En la pagina de electronica2000 hay un emisor y un receptor integrados, de muy buen alcance, creo q unos 10 metros, pero que al colcoarle algunas protecciones contra la luz externa, como la solar, etc, se acorta y llega incluso a unos 4 metros.

fijate en www.electronica2000.com el circuito es con un LM45...algo q no recuerdo.


----------



## burren (May 21, 2008)

tienen razon el numero    es SHARP GP1U5  y en letras negras 2IY8Z3
y consegui el pdf dejen lo checo


----------



## enzo colina (May 22, 2008)

hay un circuito de ese tipo lo puedes encontrar en electroforu.com yo lo monte y funciona correctamente utiliza un receptor infrarrojo de tv y lo puedes activar con cualkier tecla del control remoto


----------



## burren (May 26, 2008)

esos modulos de la tv estan de lujo reciben señal de un control de tv en a gran distancia 8 mts y como si nada ahora solo falta trabajar en el infrarojo, alguien sabe que sucede con los infrarojos de los controles y los comunes en que consiste ya que con el control si funciona de lujo pero con un led normal solo de frente pero seguire experimentando pero si esta de lujo el receptor de la tv ayuda mucho ahora falta investigar por que con el control enciende aunque este de espaldas y con el led no solo frente sigo firme  y pronto tendre noticias con el circuito terminado.


----------



## tiopepe123 (May 27, 2008)

simplemente haz un generador de onda cuadrada con un 555 , lo calculas para unos 40Khz.
O sea necesitas que el led haga un intermitente a 40Khz,


----------



## oscareev (Jul 7, 2009)

Cordial saludo.

Quisiera pudieramos observar el funcionamiento de el led ir de un control remoto de television y poder contestar porque este hace que el fototransistor o modulo sharp de television lo acepte aunque no se le apunte directamente?

ACLARO>>>> ya le quite la tapa del filtro al control remoto que supuestamente es por eso, pero insisto no es por eso, el led quedo al descubierto y sigue funcionando apuntado para cualquier lugar.

Funcionamiento del generador de 40Khz con led ir por el 555, cuando este transmite el receptor o fototransistor de tv solo lo acepta justo de frente y no como el control aunque ambos esten al descubierto.

Posiblemente sera porque le hacen circular mas corriente al led ir del control remoto y toma mas alcance.

muchas gracias.


----------



## saiwor (Jul 7, 2009)

holas 
talvez te sirva esto, he armado alcanza maximo 6mts... lo pose en mi habitacion para prender la luz, pues yo uso con el control de Tv


----------



## kolveas (Jul 7, 2009)

interesante el aporte de saiwor


----------



## saiwor (Jul 9, 2009)

los fototransistores, fotoreceptores son una tonteria... mmm poca distancia capta,,, infiel mucho defectos tiene excepto en algunas...


----------



## kolveas (Jul 9, 2009)

saiwor dijo:
			
		

> los fototransistores, fotoreceptores son una tonteria... mmm poca distancia capta,,, infiel mucho defectos tiene excepto en algunas...

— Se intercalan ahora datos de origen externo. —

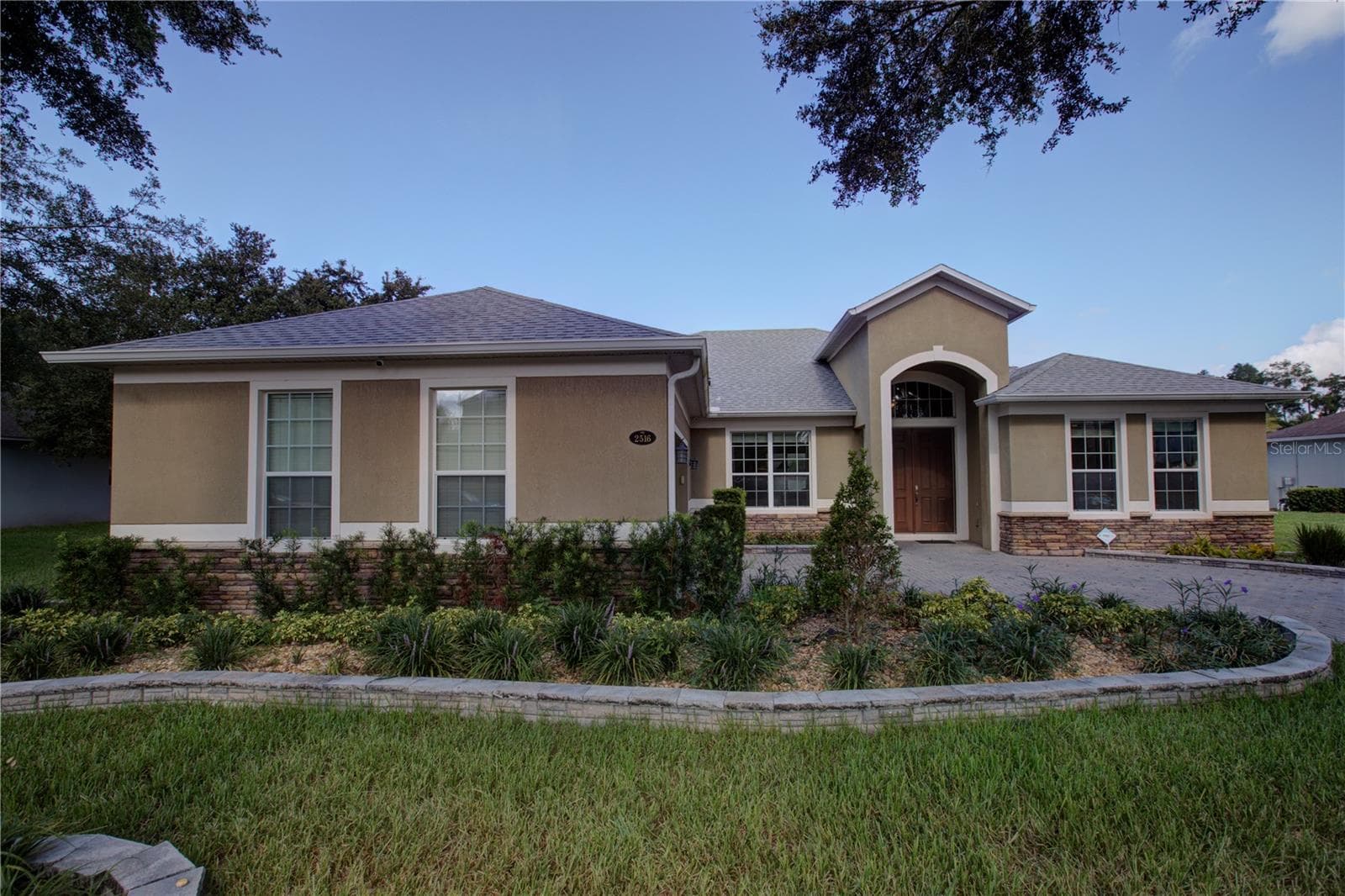 2516 WOODSIDE RIDGE DR
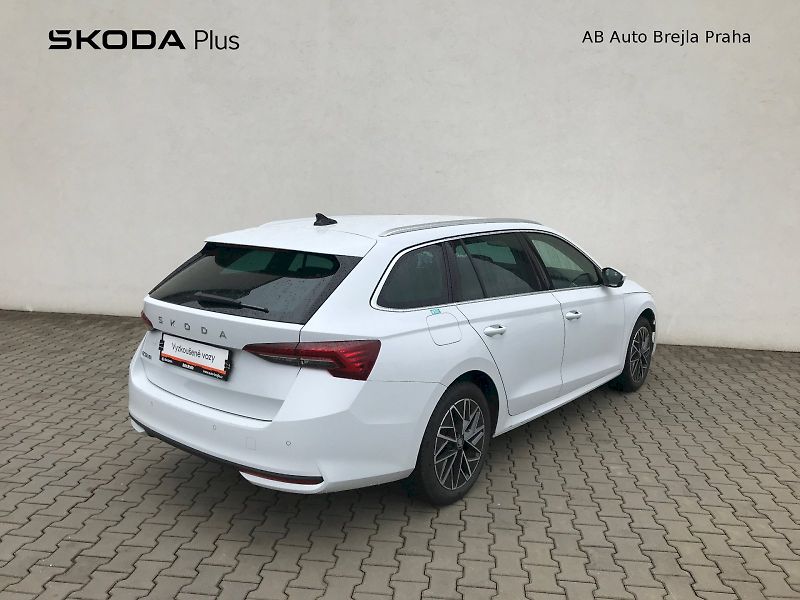Škoda Octavia (2025) COMBI TOP SELECTION 1,5 TSI 11 - fotka 2 z 27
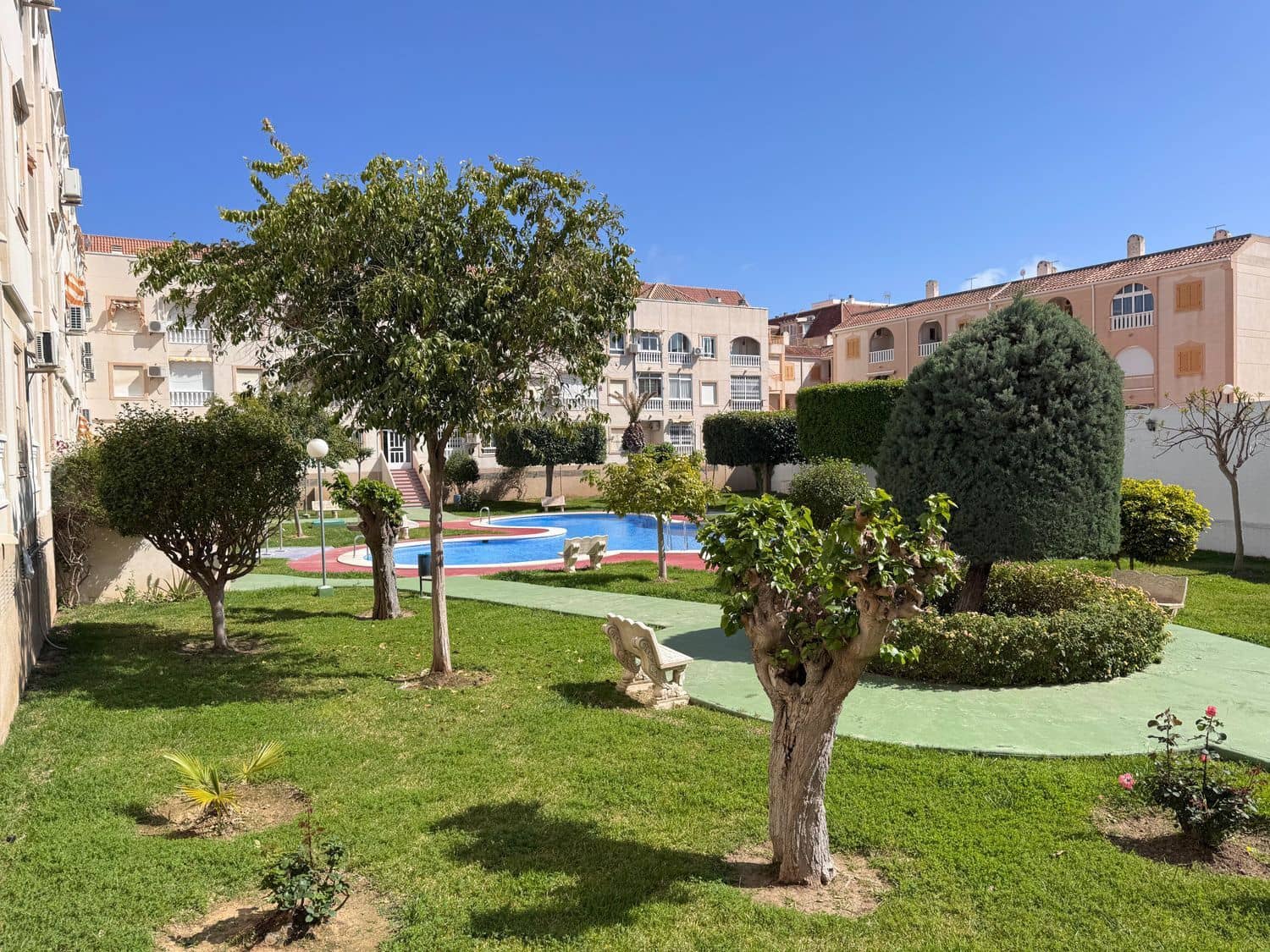 Apartamento de 2 habitaciones en Torrevieja en venta con piscina garaje - 128.000 € (Ref: 9806088)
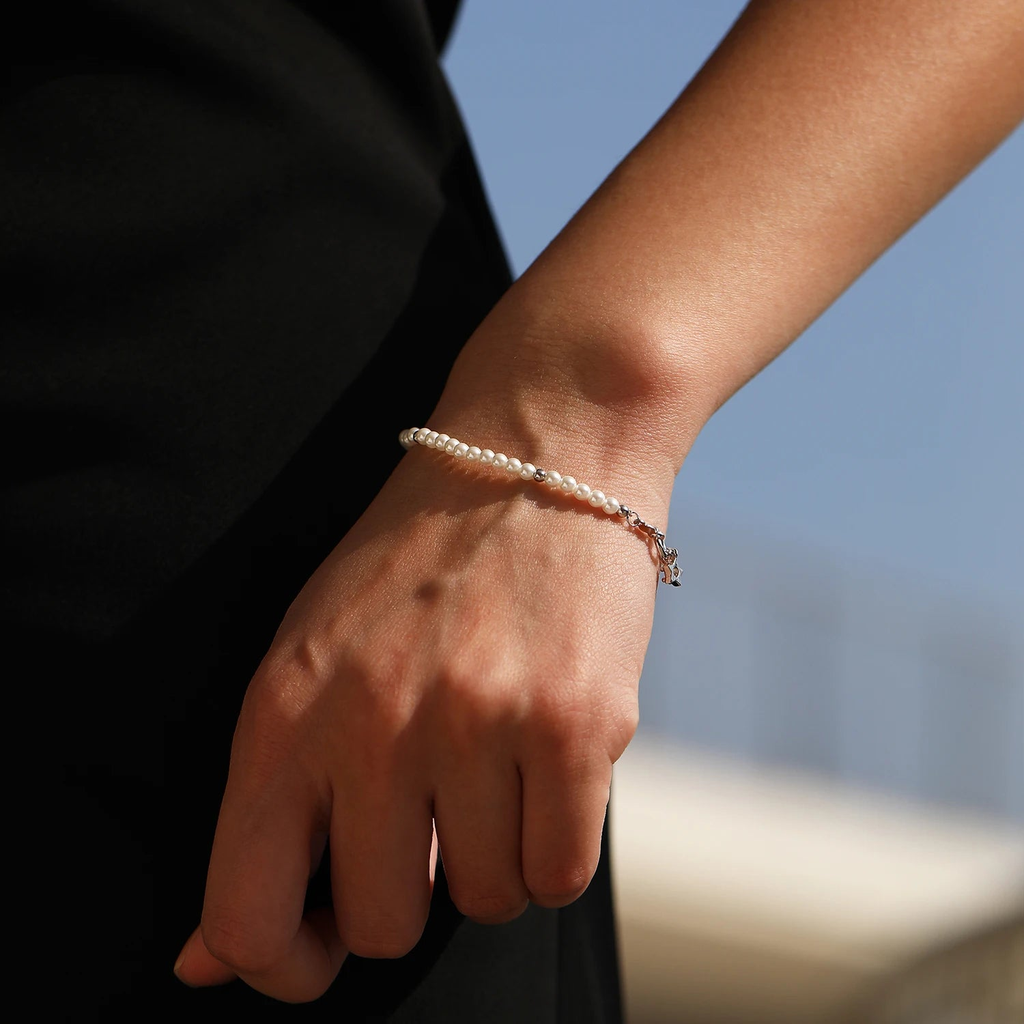 Bracelet Fil d'Étoiles porté au poignet en lumière naturelle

te uedo hacer algunas consultas sobre el esquematico?
- donde esta el diagrama del emisor, hay dos leds, creo que die "IR", esos son los infrarrojos en serie?
-en el diagrma del receptor sale una entrada A yB, a que se refiere; significa, eso?
-la misma consulta en el ultimo esquema sobre los puntos A y B, que son? 
muchas gracias de ante mano

chaΩ


----------



## saiwor (Jul 9, 2009)

1. los leds infrarrojos sonen serie donde dice IR.
2. Donde dice "A" se unen con "A", igual en el caso de "B"


----------



## oscareev (Jul 9, 2009)

Cordial saludo

hace tiempo tenia por ahi unos elementos y decidi armar una barrera y logre una muy buena distancia.
elementos basicos utilizados

LT1062>>> Led infrarrojo de alta potencia aguanta hasta 2 amperios pico
LT1062

GP1UM28YK>>>Modulador receptor de infrarojo diseñado para aplicaciones de control remoto sintonizado a 40Khz. Incluye amplificador de entrada, limitador, varios filtros pasabandas, demodulador, integrador y comparador.
GP1UM28X

Para el transmisor use un 555 a 40 khz con ciclo de trabajo del 50% es decir sin exigir el led y amplificadorfico la corriente con un peque transistor 3904, si quisieran aumentar la distancia pues cambien el ciclo de trabajo y lo suben a un 70% o dependiendo del uso que le van a dar.

Para el receptor simplemente como esta en pdf y a la salida un transistor para encender un optoacoplador y de ahi se puede hacer lo que quieras.

suerte!


----------



## saiwor (Jul 10, 2009)

hola "oscareev" pudes enviar un plano, diagrama oesquema,,, se serias tan amable para aportar a la comunidad.

Saludos!


----------



## magl (Ago 3, 2009)

saiwor dijo:
			
		

> holas
> talvez te sirva esto, he armado alcanza maximo 6mts... lo pose en mi habitacion para prender la luz, pues yo uso con el control de Tv


Hola, 2 preguntas:
 - No encuentro el datasheet del receptor IR, ¿se pueden usar otros similares?
 - ¿Cual es el papel de las 4  puertas lógicas en serie que hay tras el receptor IR,  y de la resistencia y el condensador que hay despues de la puerta A y B?


----------



## saiwor (Ago 3, 2009)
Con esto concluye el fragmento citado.